И помогла Клава ласково, бережно, все еще прогоняя желание плакать, и обрадовалась, когда Вера Семеновна, сдав смену, сама попросилась к ней ночевать, чтоб утром быть пораньше на медпункте.
— Три состава ждем утром, один за другим… А мне до дому далеко. Не говори, сама знаю, что надо бы жить ближе. Да как дом бросишь, когда в нем почти вся жизнь прошла, а главное, сыны мои в нем выросли, любят его, думают там о нем.
И в эту ночь, присев на краешек кровати к Вере Семеновне, впервые в жизни рассказала Клава всю свою жизнь другому человеку. Сама не ждала, что может так открыться ее душа, когда дружеская легкая рука лежит на плече и, как бы успокаивая, подбадривает: «Говори все, говори дальше».
Кончила, да так и осталась сидеть согнувшись, опираясь локтями на колени, спрятав лицо в ладони, разбитая жалостью к себе.
Утром Клава смотрела на спящую Веру Семеновну. Легкие волосы раскинулись по подушке. Светлая тонкая кожа лица была только чуть тронула сетью мелких морщинок, но от носа к бледным губам резко тянулись складки, и казалось, что в них и в темных веках залегли усталость и забота. Но когда, проснувшись, Вера Семеновна взглянула на смутившуюся, не успевшую отойти Клаву, лицо сразу перестало быть усталым, помолодело: глаза смотрели ясно, спокойно.
— Ох, и выспалась же я! Спасибо, Клавушка.
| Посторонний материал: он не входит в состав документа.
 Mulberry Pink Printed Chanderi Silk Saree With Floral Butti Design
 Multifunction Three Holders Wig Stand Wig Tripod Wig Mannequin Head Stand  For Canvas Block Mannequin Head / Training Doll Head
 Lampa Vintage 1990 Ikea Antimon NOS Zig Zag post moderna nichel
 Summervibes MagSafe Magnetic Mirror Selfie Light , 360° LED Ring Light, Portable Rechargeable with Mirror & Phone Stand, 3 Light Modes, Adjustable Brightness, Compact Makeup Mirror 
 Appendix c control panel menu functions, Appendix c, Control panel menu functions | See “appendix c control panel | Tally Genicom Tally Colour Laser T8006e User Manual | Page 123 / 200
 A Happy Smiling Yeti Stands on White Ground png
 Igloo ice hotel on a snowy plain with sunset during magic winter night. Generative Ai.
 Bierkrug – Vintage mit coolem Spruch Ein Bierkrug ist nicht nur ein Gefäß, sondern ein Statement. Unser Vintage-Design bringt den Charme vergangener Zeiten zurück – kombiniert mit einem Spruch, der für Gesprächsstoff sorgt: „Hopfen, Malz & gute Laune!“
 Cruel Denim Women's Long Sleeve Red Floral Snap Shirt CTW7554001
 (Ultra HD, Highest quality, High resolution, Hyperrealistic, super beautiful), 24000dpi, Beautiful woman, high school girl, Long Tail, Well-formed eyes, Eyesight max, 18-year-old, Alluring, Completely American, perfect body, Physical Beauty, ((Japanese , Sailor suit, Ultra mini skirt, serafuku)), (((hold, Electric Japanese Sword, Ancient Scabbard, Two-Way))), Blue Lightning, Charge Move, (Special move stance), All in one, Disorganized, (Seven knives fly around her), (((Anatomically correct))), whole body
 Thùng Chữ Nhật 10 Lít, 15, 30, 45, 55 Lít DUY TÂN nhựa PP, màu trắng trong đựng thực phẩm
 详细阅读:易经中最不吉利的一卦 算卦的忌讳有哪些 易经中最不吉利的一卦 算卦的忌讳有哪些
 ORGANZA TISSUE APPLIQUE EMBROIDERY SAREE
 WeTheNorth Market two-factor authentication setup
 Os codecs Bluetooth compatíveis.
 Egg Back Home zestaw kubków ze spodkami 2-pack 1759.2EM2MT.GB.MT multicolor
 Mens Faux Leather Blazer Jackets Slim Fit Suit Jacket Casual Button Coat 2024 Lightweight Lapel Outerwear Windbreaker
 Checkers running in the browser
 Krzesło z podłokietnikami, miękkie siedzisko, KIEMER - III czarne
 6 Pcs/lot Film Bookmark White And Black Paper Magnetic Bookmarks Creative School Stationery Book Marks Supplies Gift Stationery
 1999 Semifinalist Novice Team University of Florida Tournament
Как-то все было понятно и даже приятно Клаве в этой женщине, а особенно то, что она ни словом не напомнила о том, что слышала ночью. Перед уходом Вера Семеновна взглянула на часы:
— Еще рано, посижу немножко, — и присела на крылечко. — Замечаешь ты, как война женщин обездолила? Остались жены, которые не успели матерями стать, навек бездетными. Остались девушки, которых так и не коснется любовь, не узнают они ее, война отняла. Думаешь, не обидно?
Притянув Клаву за руку, она заставила ее сесть рядом, сама придвинулась ближе и почти шепотом, часто умолкая, как бы поджидая, когда придут нужные слова, заговорила о себе:
— Я вот жизнь прожила, — чего уж там, мне все сорок, — а любви не знала. Замуж вышла потому, что уж пора пришла, забоялась в девках остаться. Человек оказался тихий, добрый, привыкли друг к другу, а сыновья и совсем сроднили. А любви… радости друг от друга, восторга ни у меня, ни у него не было ни на одну минуту. Не было того, как у тебя с твоим Степаном, что ты для него лучше и нужней всех была, и он для тебя тоже. Ты вот мне вчера мальчика показывала и сказала: «Весь в отца», и голос у тебя даже дрогнул, до того это тебе дорого, а у меня оба сына в мужа, а мне это все равно. Когда умер, конечно, жалела, горевала, но больше за детей, а не за себя. Было время, что и горько было мне, что обошла меня любовь, может быть, и очень страдала бы я от этого, если бы не дети да не работа. В этом и у меня оказалось счастье: всю жизнь я, можно сказать, провела на любимом деле, и жизнь так прошла, что не жалуюсь. Да и знаешь что… Много я по своей работе о людях знаю, ведь о чем здоровый умолчит, больной расскажет; знаю, что настоящая любовь, какой мне не досталось, не у всех и бывает. Далеко, милая, не у всех. А у тебя вот она была, ты и принимай это за большое счастье. Потому еще так считай, что раз была любовь настоящая, от всего сердца, то от нее на всю жизнь остается в сердце что-то хорошее, гордое, особенно у женщин.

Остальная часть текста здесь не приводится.